The bane of every new developers life is getting your environment set up to be productive. And when I say new developer - I don’t just mean a dev who is new to a team, but every developer who needs to work on a project they haven’t worked on before.
Each project has it’s own dependencies, required tools, required libraries, a whole swathe of things that need to be installed, and can in some cases cause problems when projects have conflicting requirements. I certainly remember having to uninstall/reinstall different tooling versions when switching projects, sometimes multiple times a day 😱.
What if there was a way to fix this? If we could instantly have a pre-configured developer machine with the right tools that we need available at the click of a button? Even better one powered by the cloud so we don’t even need to worry about the power of our local machine, or even be able to access from a tablet or phone? This is where Codespaces comes in.
GitHub Codespaces are virtual developer machines in the cloud that you access through VS Code, running either on your desktop or in a browser. You can launch any GitHub repo inside a Codespace, with everything you do running in that Codespace - your code lives there, your debug sessions run there, your terminal runs commands there, it’s as if someone teleported a dev machine into your office!
Setting up a Codespace
I’ve been recently working on a project for my team that consists of a Python app that I want to run as a Docker container, so I thought it would be fun to configure the repo for this to run inside a Codespace so when anyone else on the team wants to work on it, they won’t have any local configuration to do.
Sign up for Codespaces
Codespaces needs to be set up for a team or organization - mainly so someone can pay! Despite the claims that the best things in life are free, you do need to pay for Codespace.

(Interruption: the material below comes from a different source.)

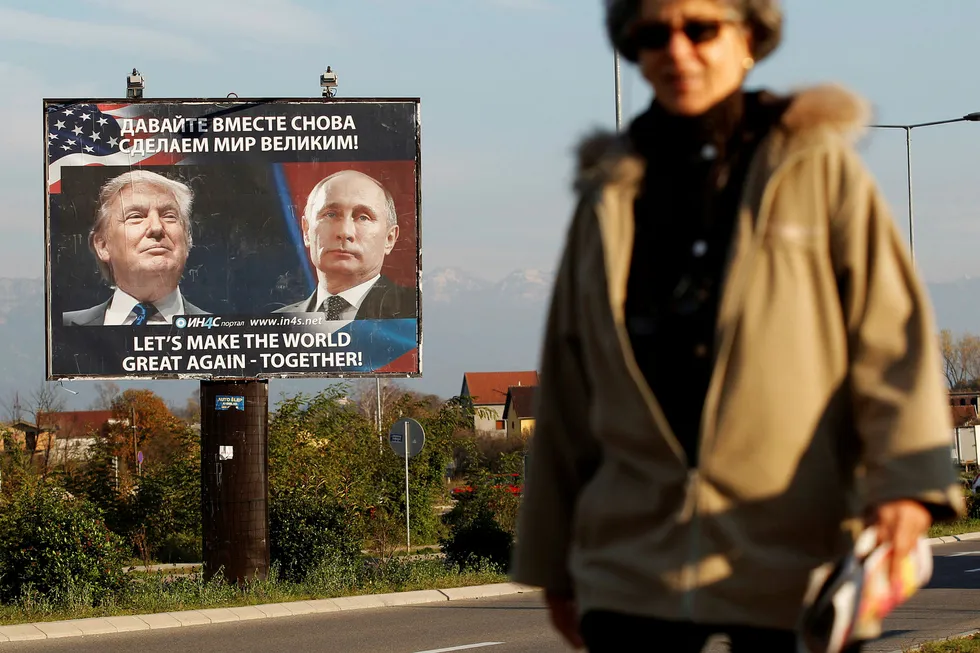 En fotgjenger passerer en plakat av USAs påtroppende president, Donald Trump, og Russlands president Vladimir Putin i Danilovgrad, Montenegro. Foto: STEVO VASILJEVIC/Reuters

Open your repo in a Codespace
The first step is to open the repo in Codespaces. From the repo in GitHub, select Codespaces from the Code button, then select New codespace.

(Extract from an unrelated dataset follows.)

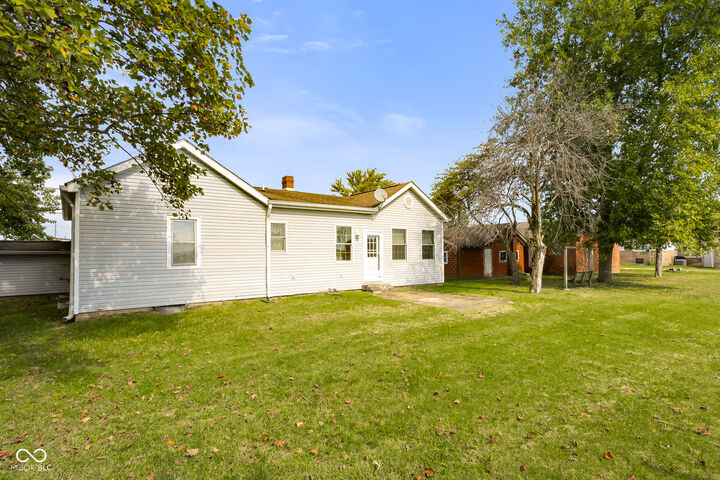 Property Photo:  407 Mill Street  IN 47247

This will set up your code in a new Codespace - essentially a blank VM using a default image from GitHub. This image is based off Ubuntu, and comes pre-configured with Python. Node, Docker and other stuff. You can read up on this default image at aka.ms/ghcs-default-image.
This image contains almost everything I need - the tools are all installed, and VS Code is running with my code in it.
My code is in Python, and this image comes with Python 3.8 installed. It means I can create a Codespace, and run my code in only a few seconds!
Configure your Codespace
The good news is Codespaces are configurable - you can define the details for the container in which your Codespace runs in a
devcontainer.json file. I can use this to change the image used, configure what tools are installed, that sort of thing. The big upside of this is to ensure I have the right versions - the default container currently has Python 3.8 installed, but I can create a devcontainer file to set another version.
I’ll start by creating a devcontainer file. The Codespaces extension is installed for you in VS Code, so you can use the command palette to access options to configure the devcontainer file.
I started by selecting Codespaces: Add Development Container Configuration Files….
From there I selected From a predefined container configuration definition… to use a pre-defined image. I could also use any container I have in my container registry.
From the images I chose a Python 3 image, and selected Python 3.10.
I then had an option to add a Node version, so selected None as I don’t want Node.
Next I could select features to pre-install. I selected Docker as I need support for that.
2 things now happen. 2 new files are created in my explorer,
Dockerfile in a folder called
.devcontainer, and a toast will popup suggesting I rebuild the container. When I do this, Codespaces will restart with a new image based off my selections. It takes a while the first time as the container needs to be built.
The devcontainer.json file directs the Codespace to use the Dockerfile that was created to define the image. It then includes things like a list of extensions that VS Code will need - in my case PyLance.
"extensions": [ "ms-python.python", "ms-python.vscode-pylance" ],
I could and any more extensions here if I wanted, such as the Docker extension.
I could also edit these files to create a virtual environment, install Python packages, that sort of thing - though I’m not sure I’d need a virtual environment as my container will only be used to develop from this repo, so I could install packages globally and not worry.
Check in your files
Once you are happy with your dev container setup, you can then check the .devcontainer folder and all it’s contents into your repo. This will then be used by anyone who creates a Codespace for your repo!
If you want to learn more, check out the Codespaces docs - docs.github.com/codespaces. There was also some great videos on it from GitHub Universe, this particular one by Allison Weins and Bailey Brooks works through the configuration of Codespaces.